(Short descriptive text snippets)
◇ ◇ ◇
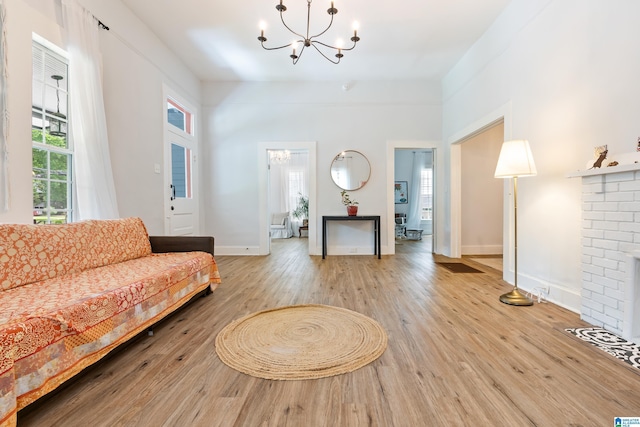 living area with light wood finished floors, baseboards, a brick fireplace, and a chandelier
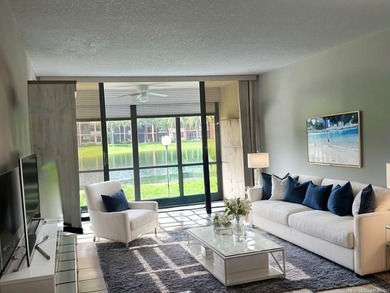 Discover this delightful first-floor unit in the sought-after - photo 9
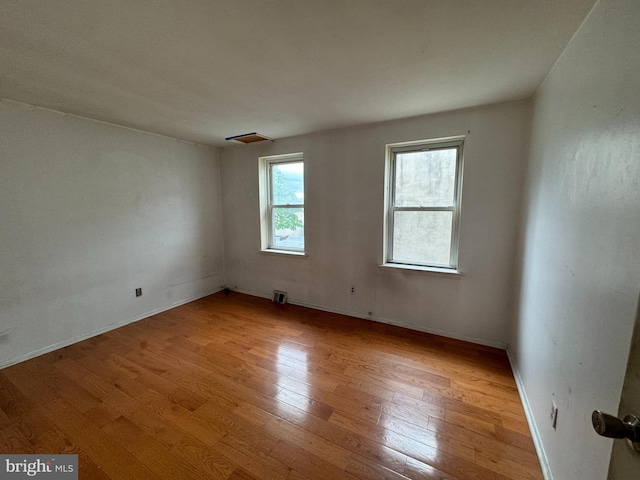 spare room featuring light hardwood / wood-style floors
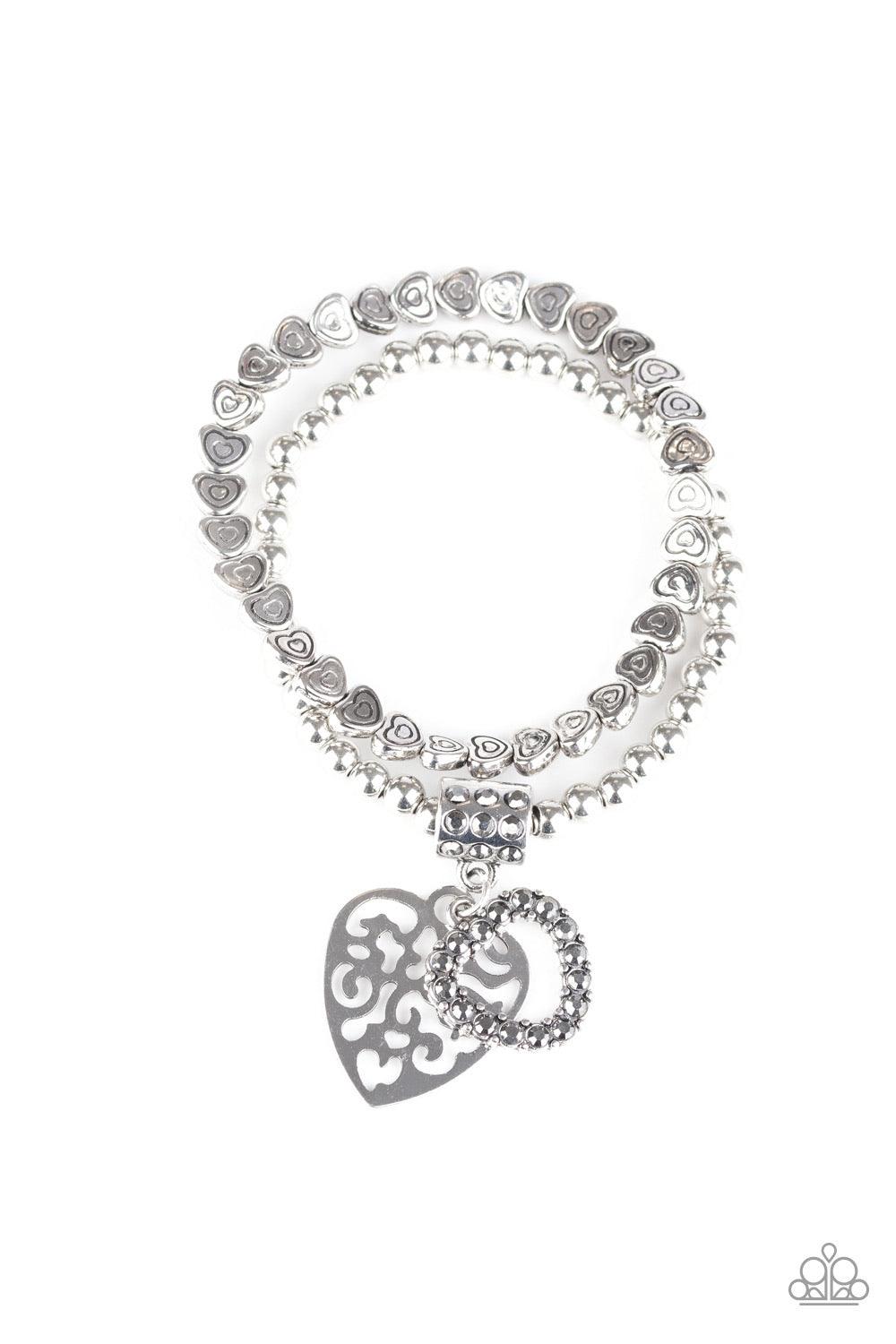 Paparazzi Accessories Think With Your Heart - Silver Brushed in an antiqued finish, classic silver beads and dainty silver heart beads are threaded along stretchy bands around the wrist, creating an adorable duo. Infused with a hematite rhinestone encrust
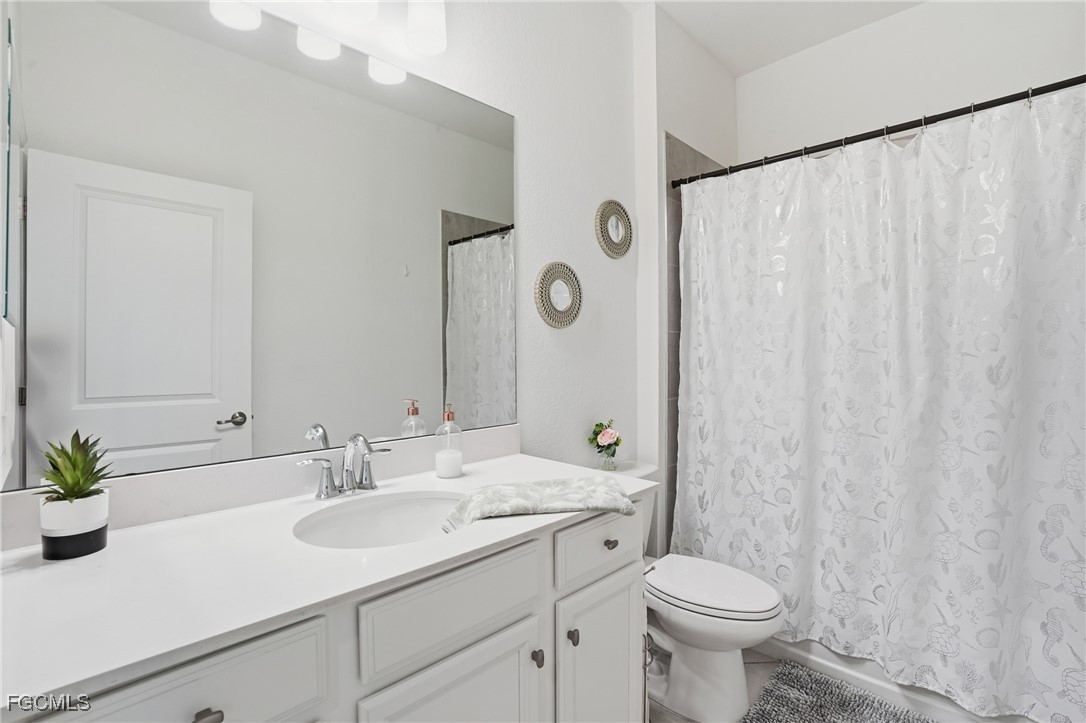 2617 Vine Avenue Naples, FL 34120 - Photo 24 of 27 a bathroom with a toilet sink and mirror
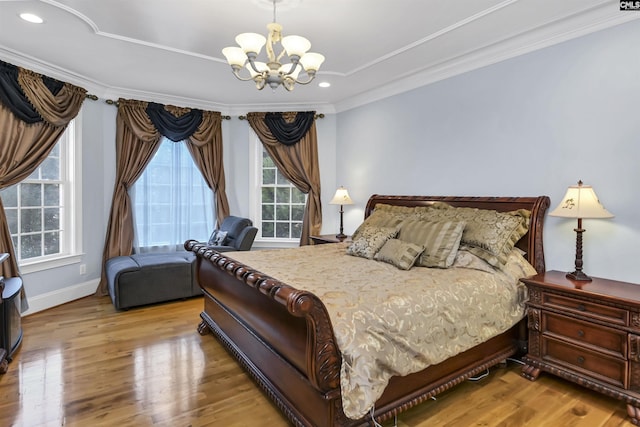 bedroom featuring hardwood / wood-style flooring, ornamental molding, and an inviting chandelier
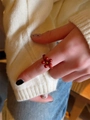 Handmade red beaded flower ring with gold center accent on white knit backdrop - Matching Plum Blossom Ring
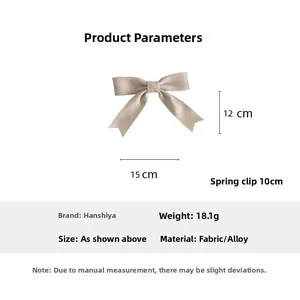 Detailed dimensions of beige fabric bow hair clip showing 15x12cm size and 10cm spring clip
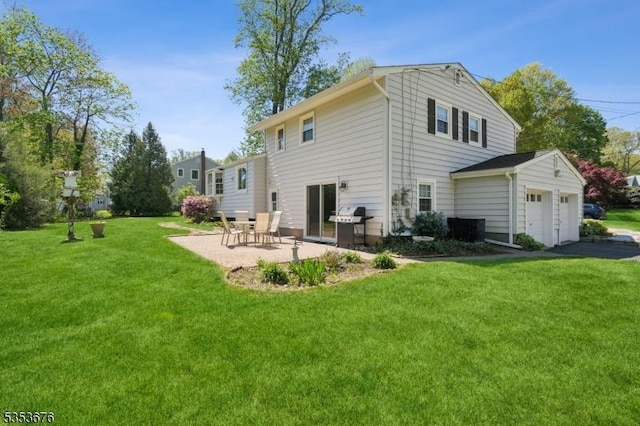 rear view of property with a lawn, a patio, an attached garage, and driveway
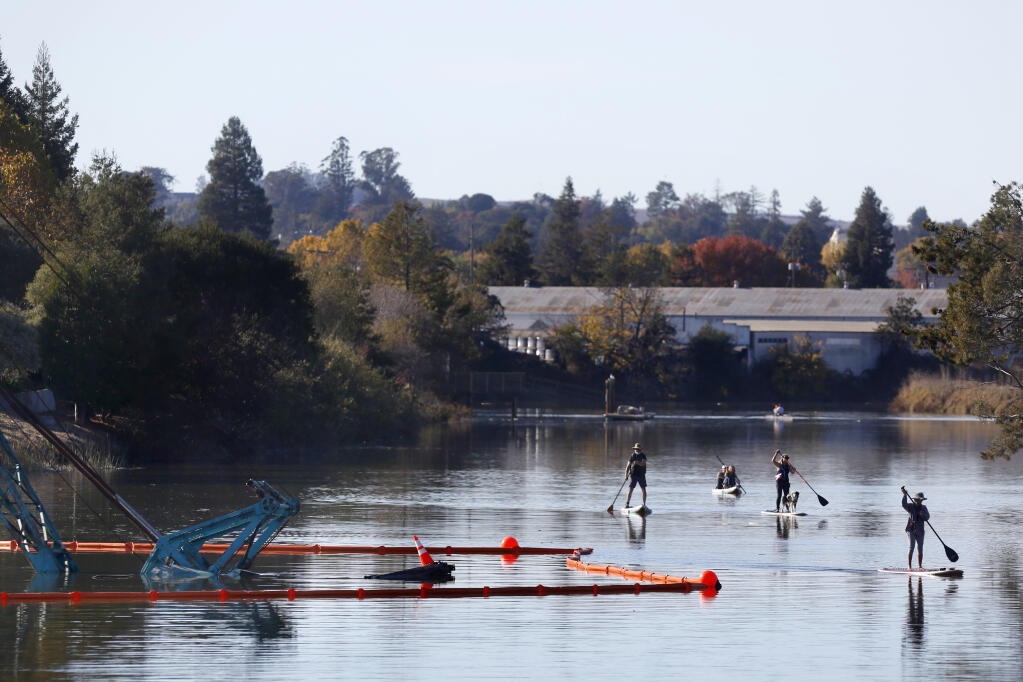 Paddle boarders and kayakers row past containment booms surrounding a barge and crane that is partially submerged and blocking 3/4 of the Petaluma River near Heritage Salvage in November. (BETH SCHLANKER/ The Press Democrat)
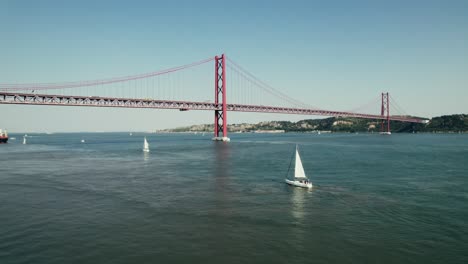 el puente 25 de abril en lisboa con veleros
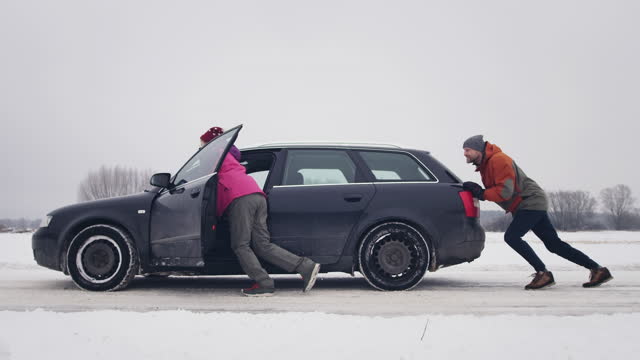 Young couple with breakdown car in winter.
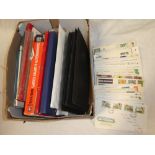 A box containing various empty stamp albums, catalogues, stock leaves,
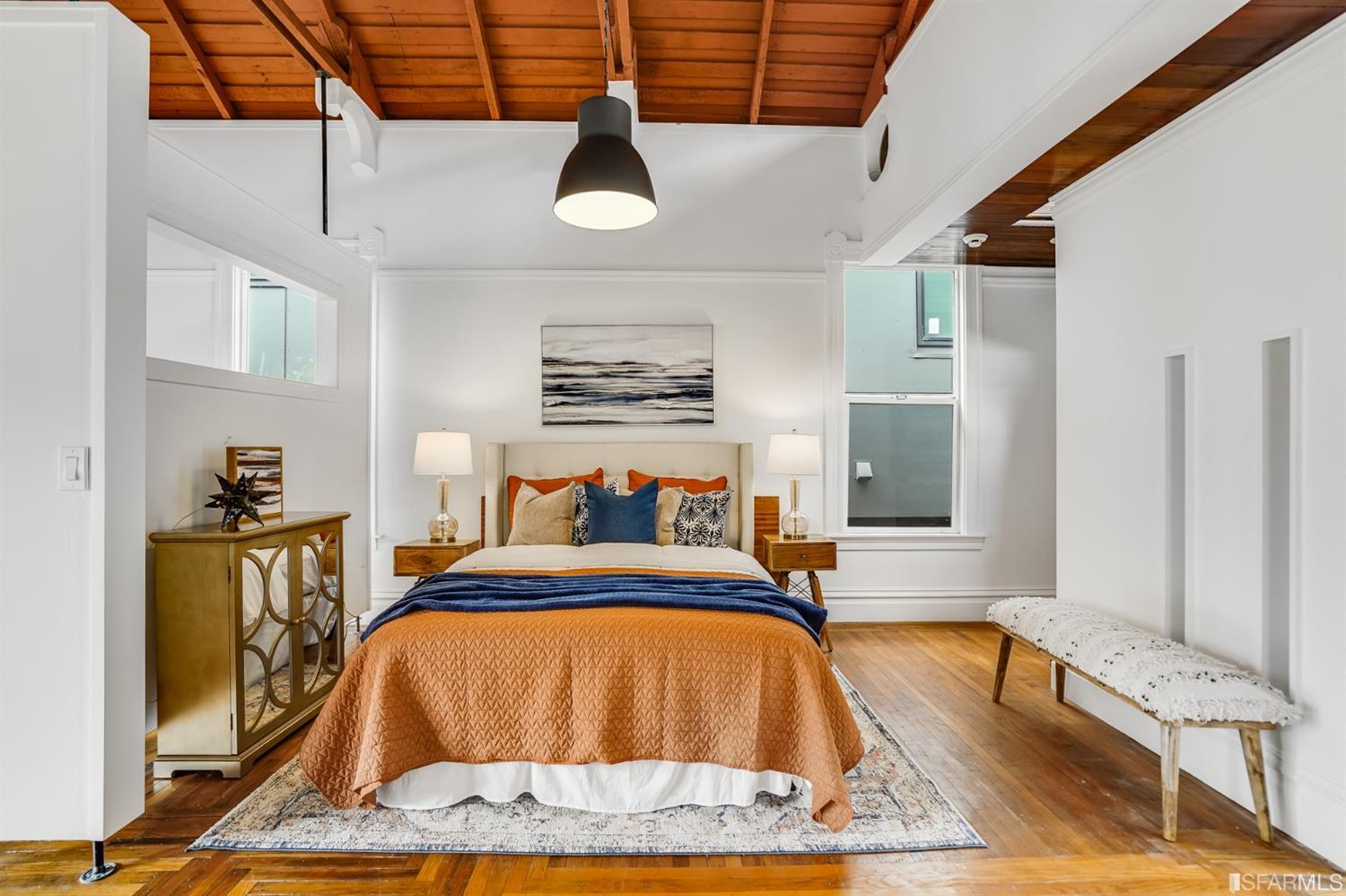 1366 34th Street Oakland, CA 94608 - Photo 10 of 51 a bed sitting in a bedroom next to a window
◇ ◇ ◇
Exercise ▸ What is needed is the exact run of lines from the start of the data through the line with "el puente 25 de abril en lisboa con veleros", both ends included, minus the pictures.

Solution for this exercise ▸
 living area with light wood finished floors, baseboards, a brick fireplace, and a chandelier
 Discover this delightful first-floor unit in the sought-after - photo 9
 spare room featuring light hardwood / wood-style floors
 Paparazzi Accessories Think With Your Heart - Silver Brushed in an antiqued finish, classic silver beads and dainty silver heart beads are threaded along stretchy bands around the wrist, creating an adorable duo. Infused with a hematite rhinestone encrust
 2617 Vine Avenue Naples, FL 34120 - Photo 24 of 27 a bathroom with a toilet sink and mirror
 bedroom featuring hardwood / wood-style flooring, ornamental molding, and an inviting chandelier
 Handmade red beaded flower ring with gold center accent on white knit backdrop - Matching Plum Blossom Ring
 Detailed dimensions of beige fabric bow hair clip showing 15x12cm size and 10cm spring clip
 rear view of property with a lawn, a patio, an attached garage, and driveway
 Paddle boarders and kayakers row past containment booms surrounding a barge and crane that is partially submerged and blocking 3/4 of the Petaluma River near Heritage Salvage in November. (BETH SCHLANKER/ The Press Democrat)
 el puente 25 de abril en lisboa con veleros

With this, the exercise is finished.